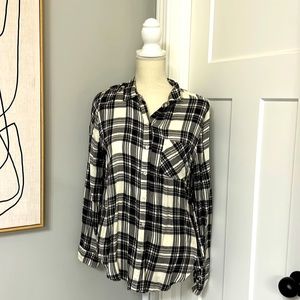 Black and White Flannel - Women’s Medium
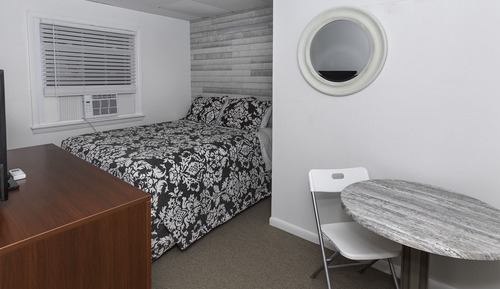 Apartamento, 2 habitaciones (Condo Apartment 1st Floor, G Unit)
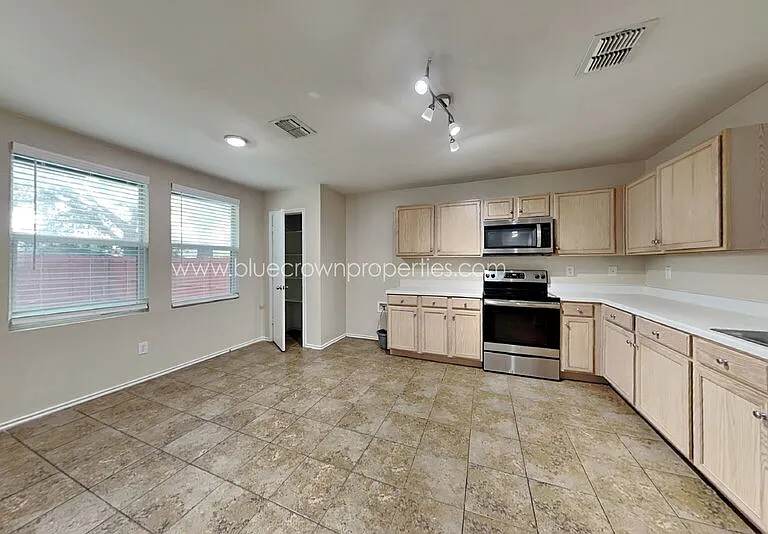 12862 Vassar Dr — Photo 5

○ ○ ○

EXERCISE AIM — Would you please set down the listing above exactly, minus its images?

YOUR SOLUTION —
 Black and White Flannel - Women’s Medium
 Apartamento, 2 habitaciones (Condo Apartment 1st Floor, G Unit)
 12862 Vassar Dr — Photo 5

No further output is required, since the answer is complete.